*** Collected material Section Begins ***
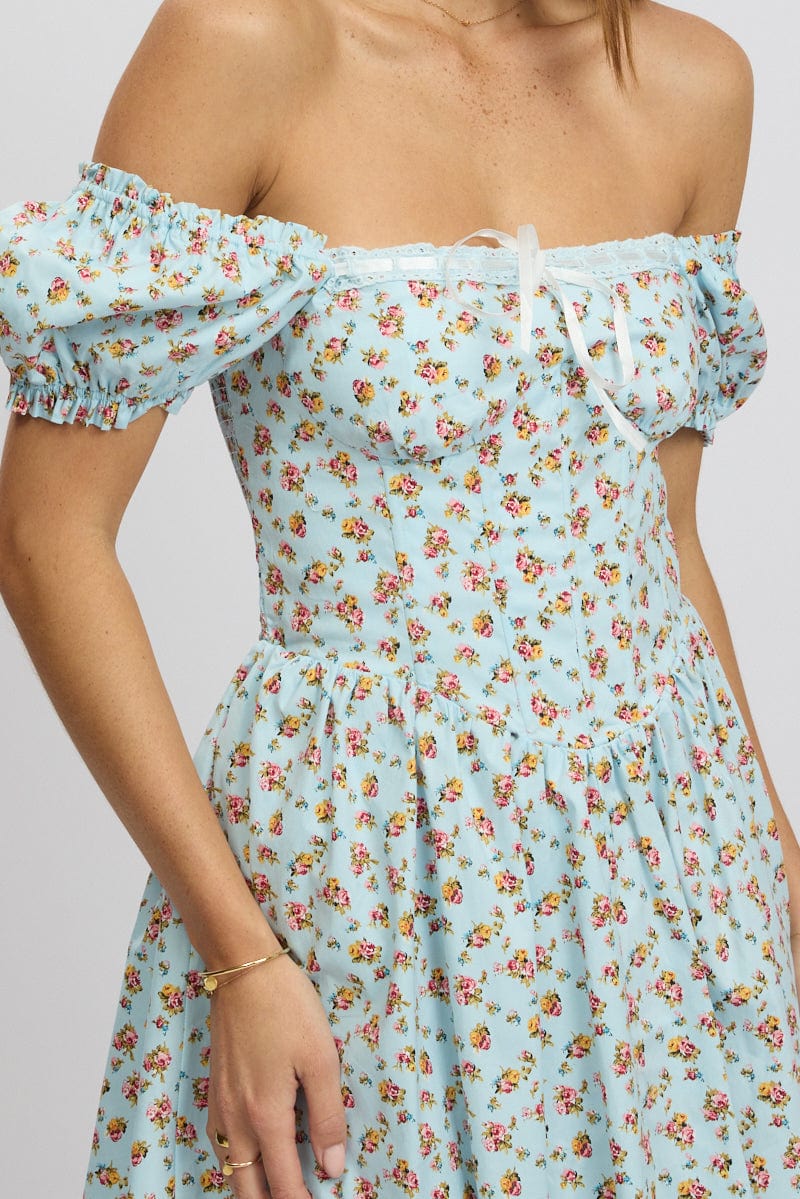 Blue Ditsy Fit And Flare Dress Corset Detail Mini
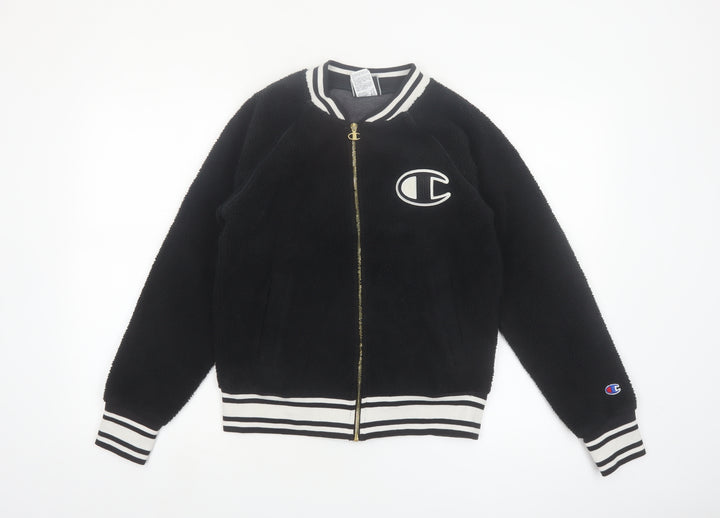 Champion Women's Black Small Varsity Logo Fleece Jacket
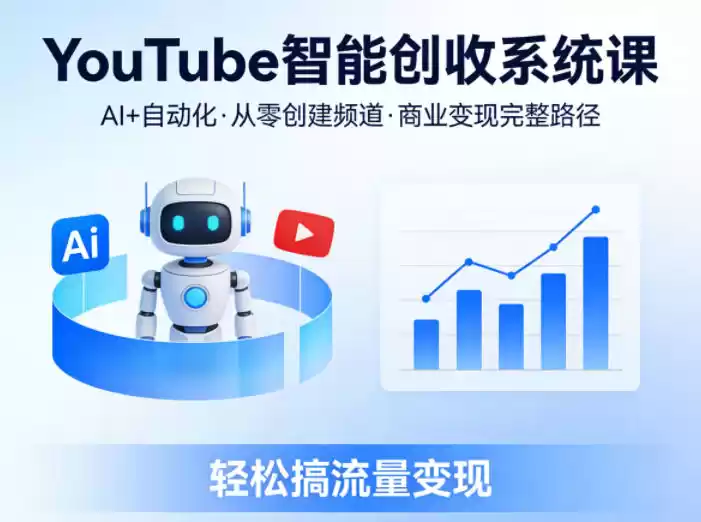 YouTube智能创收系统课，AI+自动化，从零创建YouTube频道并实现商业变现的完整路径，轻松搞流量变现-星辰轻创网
*** Collected material Section Ends ***
#### [Exercise objective]
Please output the listing above in full, exactly as given, without its images.

#### [Solved problem]
 Blue Ditsy Fit And Flare Dress Corset Detail Mini
 Champion Women's Black Small Varsity Logo Fleece Jacket
 YouTube智能创收系统课，AI+自动化，从零创建YouTube频道并实现商业变现的完整路径，轻松搞流量变现-星辰轻创网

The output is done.